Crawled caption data
#####
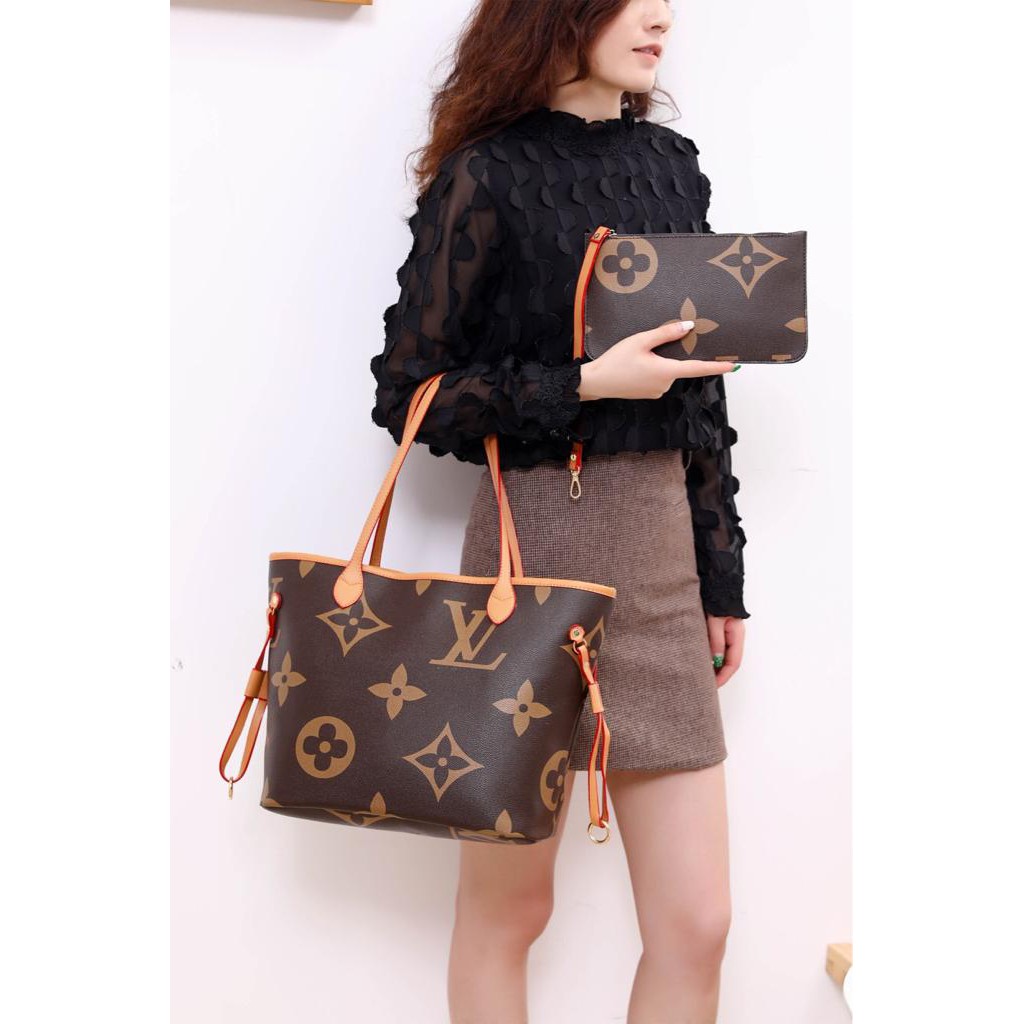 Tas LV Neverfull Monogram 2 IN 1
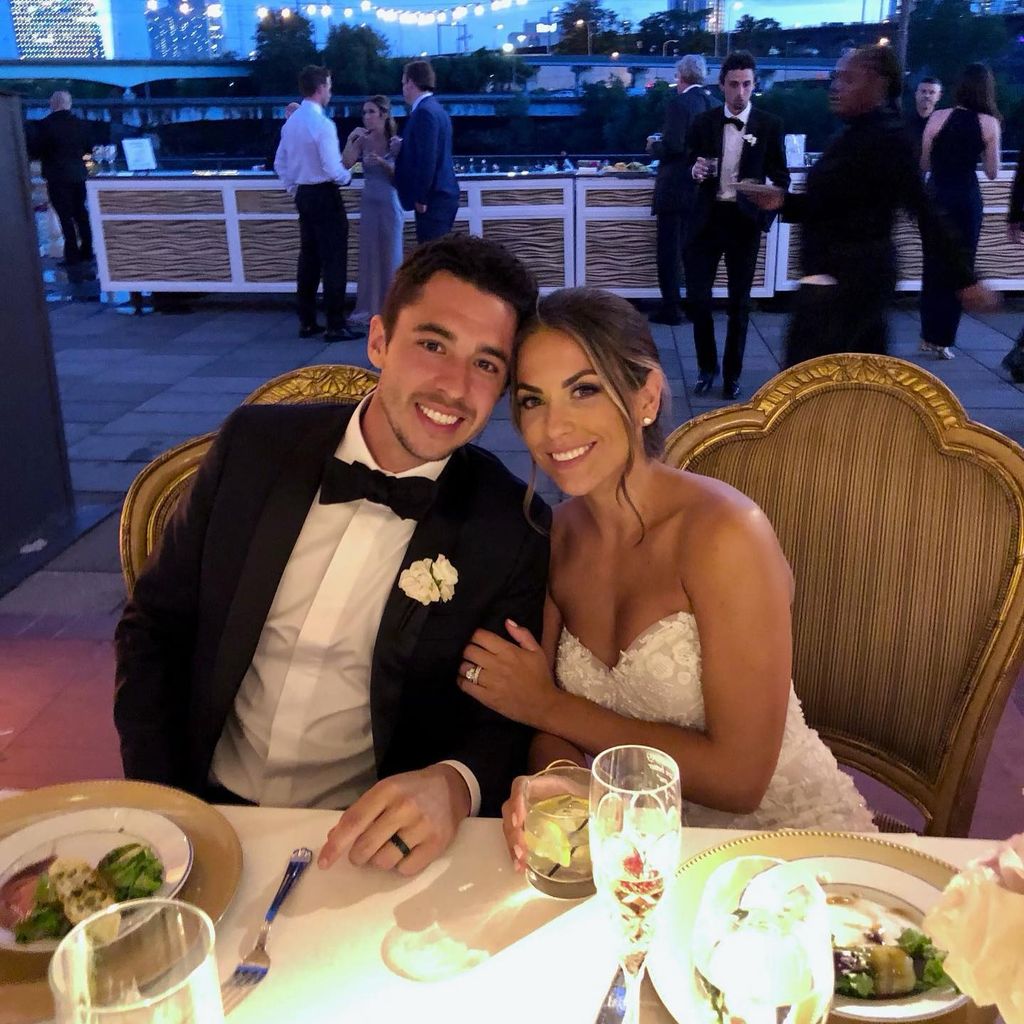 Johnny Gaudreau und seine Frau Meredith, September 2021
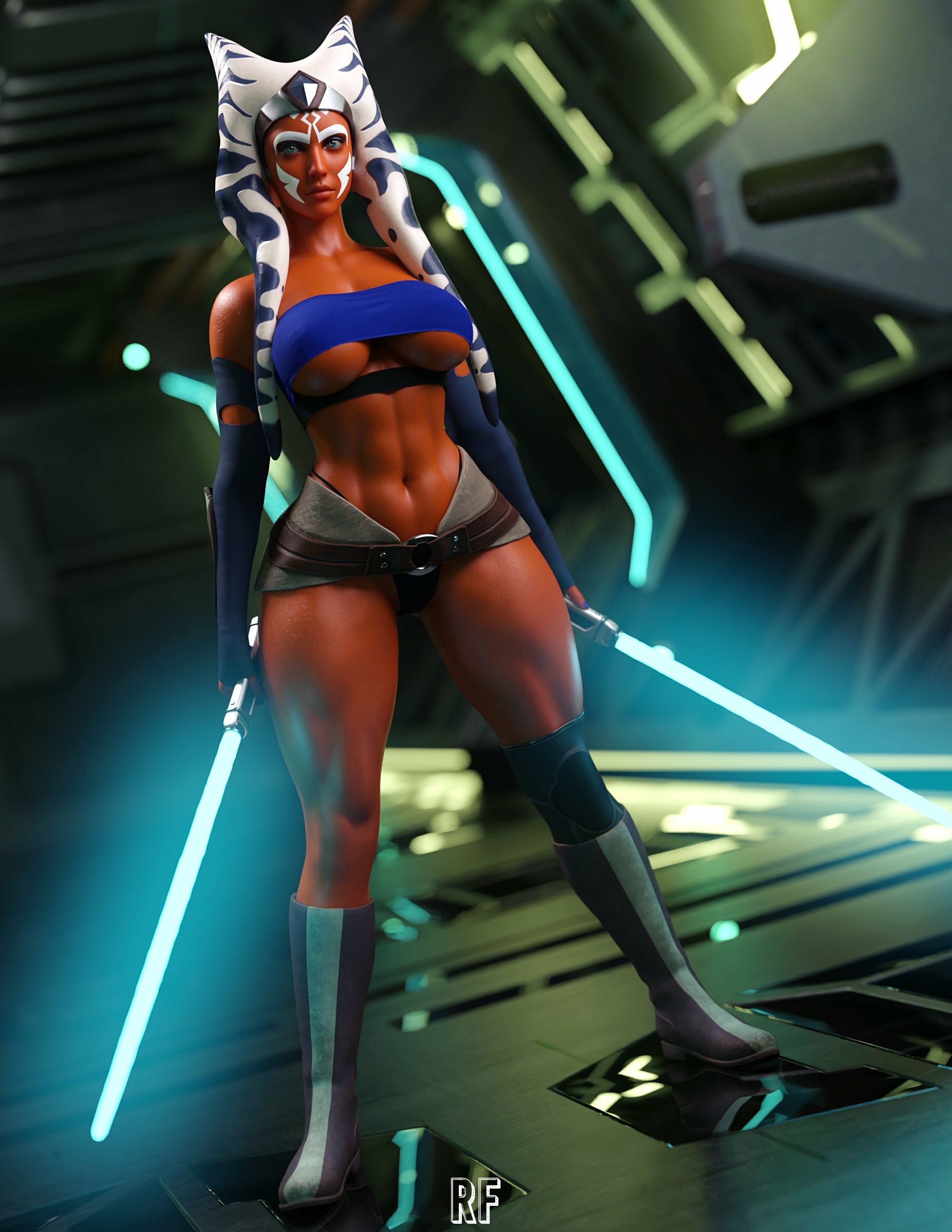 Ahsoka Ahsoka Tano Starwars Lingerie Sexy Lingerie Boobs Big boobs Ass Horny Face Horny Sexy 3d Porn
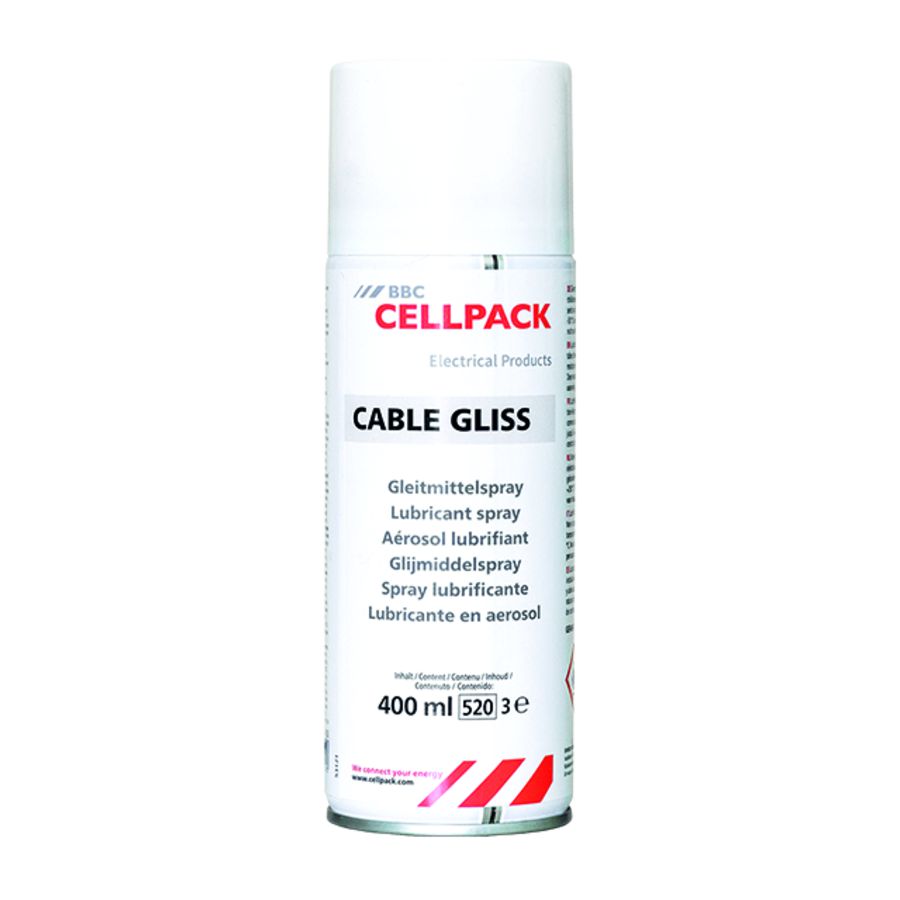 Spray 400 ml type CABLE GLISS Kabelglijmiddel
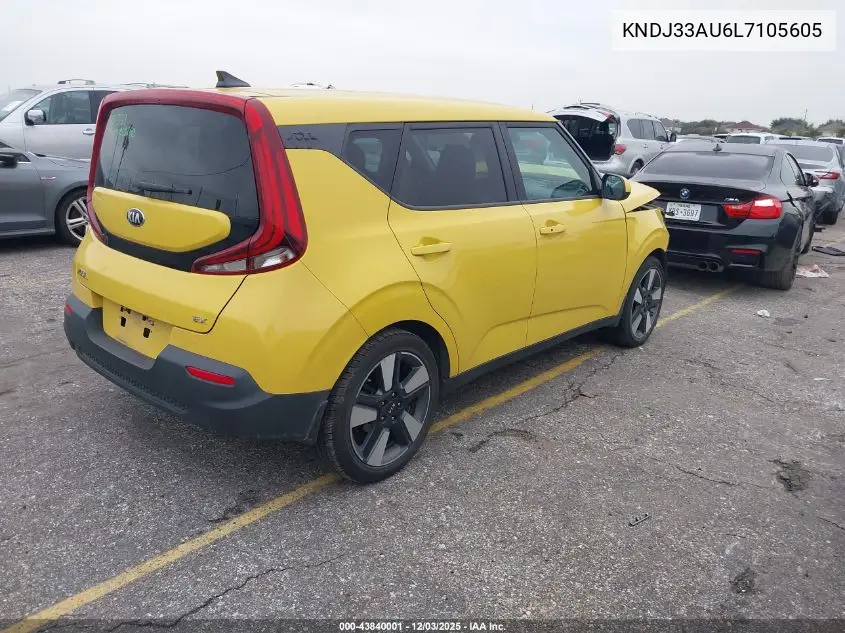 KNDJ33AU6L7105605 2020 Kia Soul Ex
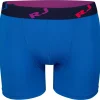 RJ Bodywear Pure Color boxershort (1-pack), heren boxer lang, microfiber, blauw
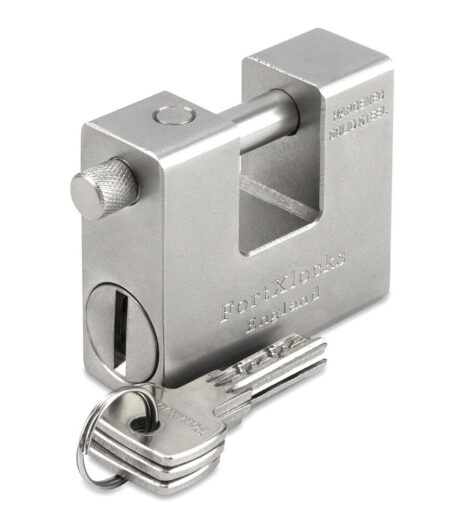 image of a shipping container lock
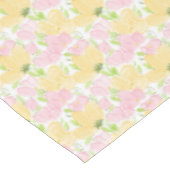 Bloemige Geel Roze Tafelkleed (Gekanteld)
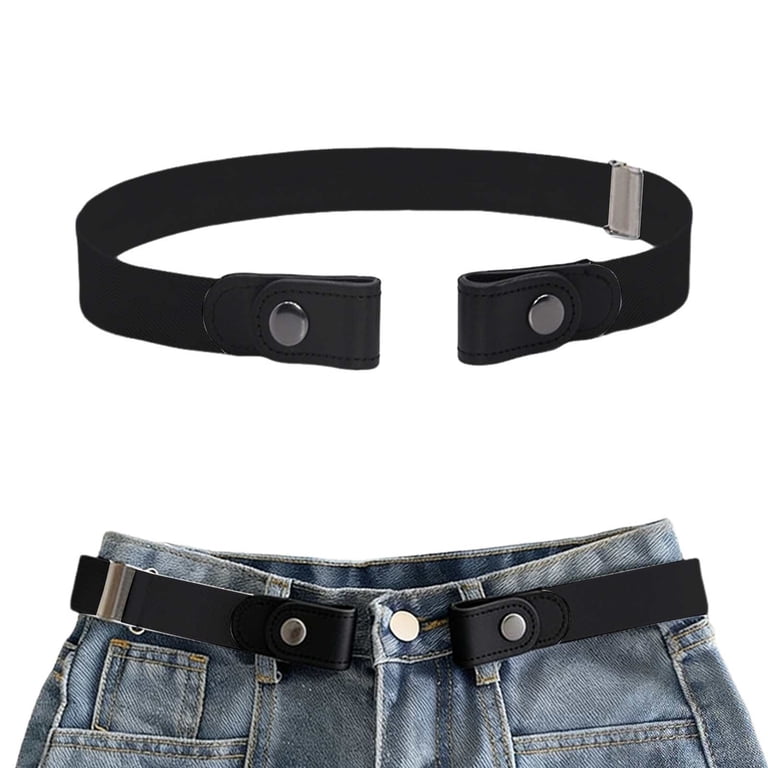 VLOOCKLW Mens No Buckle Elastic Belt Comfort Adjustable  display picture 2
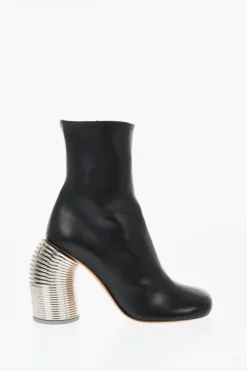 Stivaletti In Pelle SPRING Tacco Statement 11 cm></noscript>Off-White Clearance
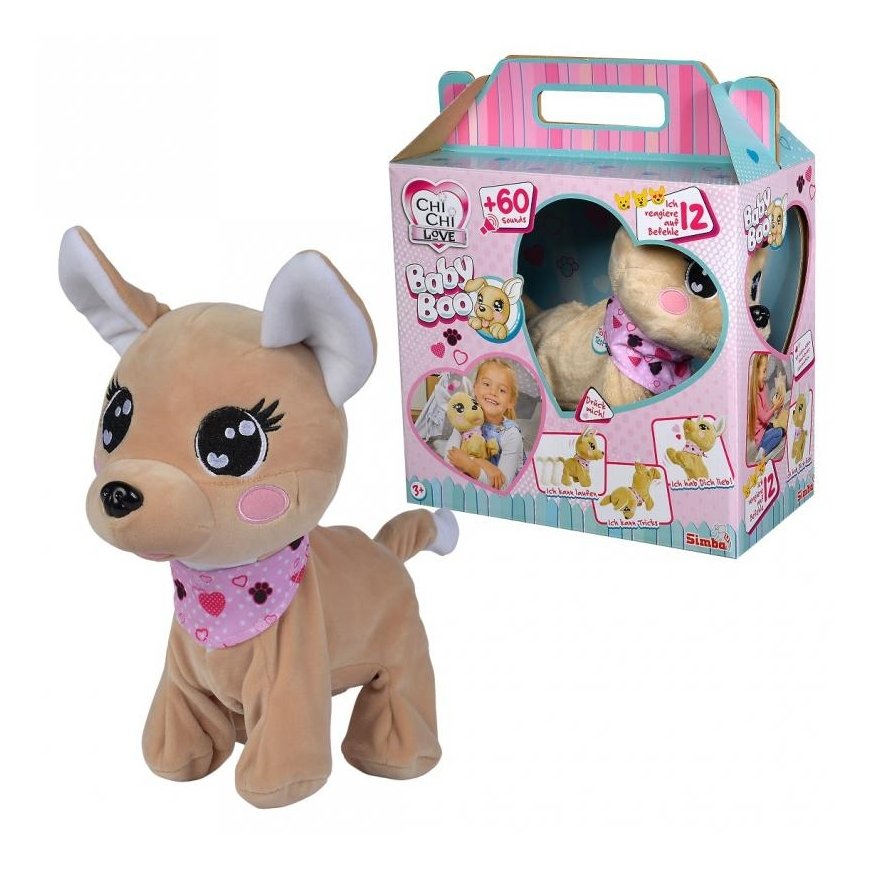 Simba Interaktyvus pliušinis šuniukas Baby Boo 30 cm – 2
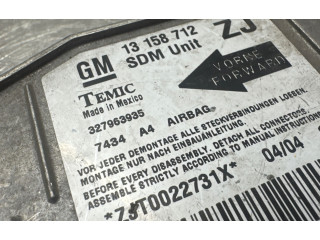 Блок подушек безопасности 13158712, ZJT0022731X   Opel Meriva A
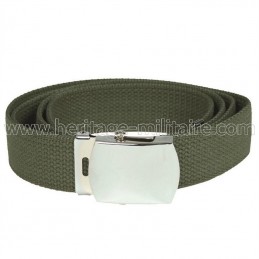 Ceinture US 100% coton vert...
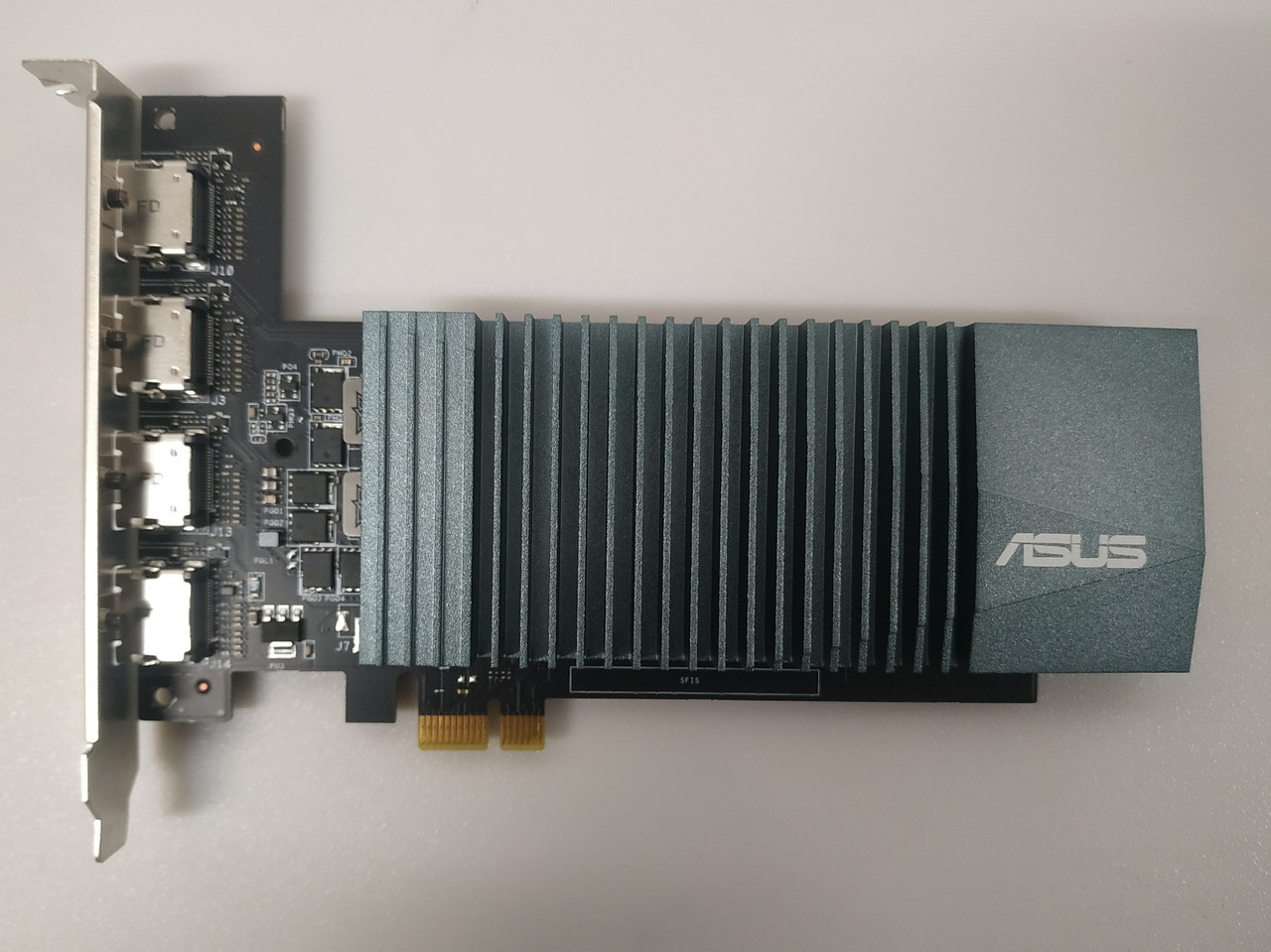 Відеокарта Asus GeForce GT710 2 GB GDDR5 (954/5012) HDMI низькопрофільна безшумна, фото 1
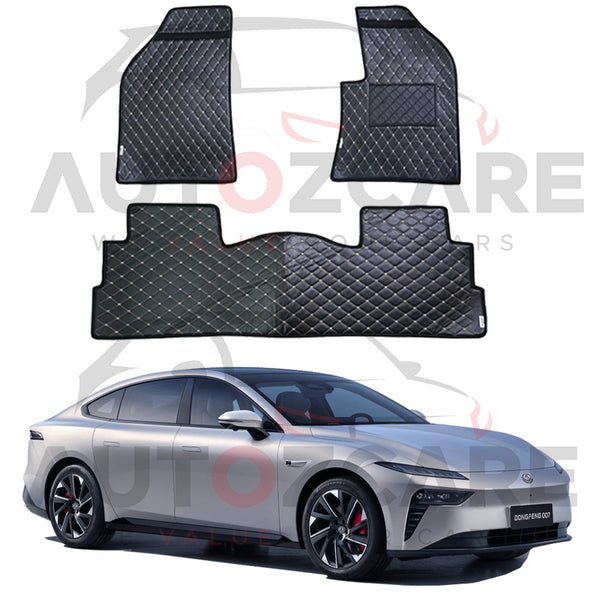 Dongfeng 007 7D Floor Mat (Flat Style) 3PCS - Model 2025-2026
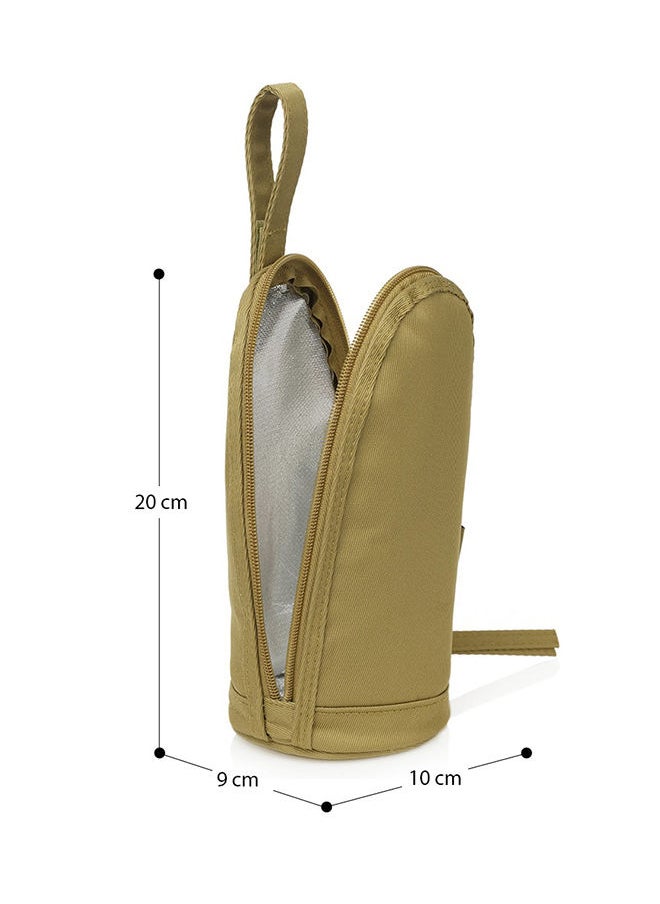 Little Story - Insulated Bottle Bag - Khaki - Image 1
#####
= THE PROBLEM =
Without any pictures, please write out the lines from the one containing "Stivaletti In Pelle" through the final line of the data, exactly and inclusive of both ends.

= WORKED SOLUTION =
 Stivaletti In Pelle SPRING Tacco Statement 11 cm></noscript>Off-White Clearance
 Simba Interaktyvus pliušinis šuniukas Baby Boo 30 cm – 2
 Блок подушек безопасности 13158712, ZJT0022731X   Opel Meriva A
 Ceinture US 100% coton vert...
 Відеокарта Asus GeForce GT710 2 GB GDDR5 (954/5012) HDMI низькопрофільна безшумна, фото 1
 Dongfeng 007 7D Floor Mat (Flat Style) 3PCS - Model 2025-2026
 Little Story - Insulated Bottle Bag - Khaki - Image 1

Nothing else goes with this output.